Luckily, the British stumbled on opium as a desirable trade good! And with their control over India, the Brits set to growing opium in massive amounts and flooding China’s markets with it!
For obvious reasons, when it became apparent that Britain was becoming the trashiest world empire and basing their trade relations on drug dealing, Qing China was not pleased, and restricted imports to destroy the opium trade, the abundance of which had caused opium addiction to become widespread by the drastic drop in price by the increased supply.
Britain did not like this, and decided war was an acceptable solution to keep drug dealing to the Chinese. They won. Twice. And extorted some exorbitant concessions in addition to guarantees for their drug trade.
https://en.wikipedia.org/wiki/Opium_Wars
As an interesting additional detail, the maternal grandfather of Franklin Delano Roosevelt made his fortune (a couple of times over) in the opium business in China, and later as a more ‘legit’ drug dealer to the US War department.
Warren Delano
“Skill issue”- Queen Victoria
Funny enough, one of the objections from the Chinese government to Queen Victoria before the war broke out was intercepted by British elites and never delivered, for fear that she might side with the Chinese over the British companies if she knew the full story.
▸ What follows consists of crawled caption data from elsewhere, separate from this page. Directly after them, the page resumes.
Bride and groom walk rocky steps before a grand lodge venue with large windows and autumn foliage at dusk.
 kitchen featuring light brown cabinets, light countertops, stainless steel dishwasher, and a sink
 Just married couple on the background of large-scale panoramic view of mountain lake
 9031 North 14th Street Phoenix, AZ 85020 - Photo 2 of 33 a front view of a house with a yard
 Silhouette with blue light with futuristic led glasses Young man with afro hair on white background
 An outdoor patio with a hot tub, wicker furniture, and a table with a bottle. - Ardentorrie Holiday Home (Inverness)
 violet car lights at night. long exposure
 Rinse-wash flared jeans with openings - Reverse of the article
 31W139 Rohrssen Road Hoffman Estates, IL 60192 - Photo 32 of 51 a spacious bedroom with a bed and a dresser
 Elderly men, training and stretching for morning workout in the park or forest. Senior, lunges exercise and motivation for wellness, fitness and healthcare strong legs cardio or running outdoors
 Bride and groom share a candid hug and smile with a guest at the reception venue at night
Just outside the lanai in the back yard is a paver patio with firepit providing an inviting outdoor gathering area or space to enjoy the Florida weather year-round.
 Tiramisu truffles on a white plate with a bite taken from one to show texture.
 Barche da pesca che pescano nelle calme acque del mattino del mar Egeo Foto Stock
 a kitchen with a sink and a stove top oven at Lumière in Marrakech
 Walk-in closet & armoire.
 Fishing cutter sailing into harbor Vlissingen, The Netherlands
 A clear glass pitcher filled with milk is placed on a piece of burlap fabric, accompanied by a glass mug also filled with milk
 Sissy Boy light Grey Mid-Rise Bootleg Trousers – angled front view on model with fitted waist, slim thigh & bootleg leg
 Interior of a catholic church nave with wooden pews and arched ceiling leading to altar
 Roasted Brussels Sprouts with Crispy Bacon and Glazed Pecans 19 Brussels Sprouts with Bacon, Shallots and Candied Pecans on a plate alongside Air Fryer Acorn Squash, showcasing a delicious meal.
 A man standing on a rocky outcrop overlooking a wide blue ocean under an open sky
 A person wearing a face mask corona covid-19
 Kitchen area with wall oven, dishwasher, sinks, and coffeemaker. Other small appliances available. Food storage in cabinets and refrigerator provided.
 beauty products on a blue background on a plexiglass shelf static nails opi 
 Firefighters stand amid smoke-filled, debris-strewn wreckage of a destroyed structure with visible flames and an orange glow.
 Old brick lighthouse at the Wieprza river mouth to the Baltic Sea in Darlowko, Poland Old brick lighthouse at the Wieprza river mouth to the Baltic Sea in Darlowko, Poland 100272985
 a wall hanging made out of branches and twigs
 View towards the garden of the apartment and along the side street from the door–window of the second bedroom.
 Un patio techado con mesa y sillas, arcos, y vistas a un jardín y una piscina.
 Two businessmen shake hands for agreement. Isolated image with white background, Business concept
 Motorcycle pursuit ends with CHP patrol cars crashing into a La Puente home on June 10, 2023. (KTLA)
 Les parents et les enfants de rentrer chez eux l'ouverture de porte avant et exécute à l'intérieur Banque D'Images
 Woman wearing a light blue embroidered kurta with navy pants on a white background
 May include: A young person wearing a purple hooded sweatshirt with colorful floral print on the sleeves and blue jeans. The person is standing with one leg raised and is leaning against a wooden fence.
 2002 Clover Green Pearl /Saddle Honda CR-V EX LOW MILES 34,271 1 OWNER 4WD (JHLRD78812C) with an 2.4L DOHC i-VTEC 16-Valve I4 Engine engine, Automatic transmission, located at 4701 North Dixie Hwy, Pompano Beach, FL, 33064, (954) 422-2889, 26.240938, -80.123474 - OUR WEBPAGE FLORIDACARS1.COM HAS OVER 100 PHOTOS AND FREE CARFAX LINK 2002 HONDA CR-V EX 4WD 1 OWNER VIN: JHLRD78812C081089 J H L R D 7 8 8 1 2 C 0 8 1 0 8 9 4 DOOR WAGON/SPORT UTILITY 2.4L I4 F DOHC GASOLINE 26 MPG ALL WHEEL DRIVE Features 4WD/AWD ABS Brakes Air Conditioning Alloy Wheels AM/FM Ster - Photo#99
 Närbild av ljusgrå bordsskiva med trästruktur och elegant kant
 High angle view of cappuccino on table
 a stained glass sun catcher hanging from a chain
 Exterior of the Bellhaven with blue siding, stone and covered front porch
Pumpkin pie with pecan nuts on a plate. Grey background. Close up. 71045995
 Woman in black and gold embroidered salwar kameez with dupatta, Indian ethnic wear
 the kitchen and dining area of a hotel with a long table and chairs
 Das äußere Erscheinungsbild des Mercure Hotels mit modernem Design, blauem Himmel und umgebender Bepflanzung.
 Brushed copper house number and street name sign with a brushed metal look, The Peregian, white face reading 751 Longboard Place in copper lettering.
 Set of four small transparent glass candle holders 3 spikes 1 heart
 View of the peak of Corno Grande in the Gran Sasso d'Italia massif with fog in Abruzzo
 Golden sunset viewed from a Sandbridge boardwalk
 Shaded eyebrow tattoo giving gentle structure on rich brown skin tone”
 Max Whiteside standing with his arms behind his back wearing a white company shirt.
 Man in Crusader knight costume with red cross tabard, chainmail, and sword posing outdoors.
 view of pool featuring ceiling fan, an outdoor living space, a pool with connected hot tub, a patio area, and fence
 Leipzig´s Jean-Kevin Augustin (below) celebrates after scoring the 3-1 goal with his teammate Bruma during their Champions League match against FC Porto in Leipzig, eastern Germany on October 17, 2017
Who knows if she actually would have, or how much influence she, as a constitutional monarch, would have been able to exercise over the war. But it is interesting that the prospect was considered a threat.
…
The “Empress of India”? Yeah, I’m sure she would have given a shit about the Chinese opinion /s
People are often very funny about what they choose to abandon their moral myopia over.
In any case, any potential opposition would probably have been more predicated on “Drug addiction bad”, as England itself was struggling with that at the time.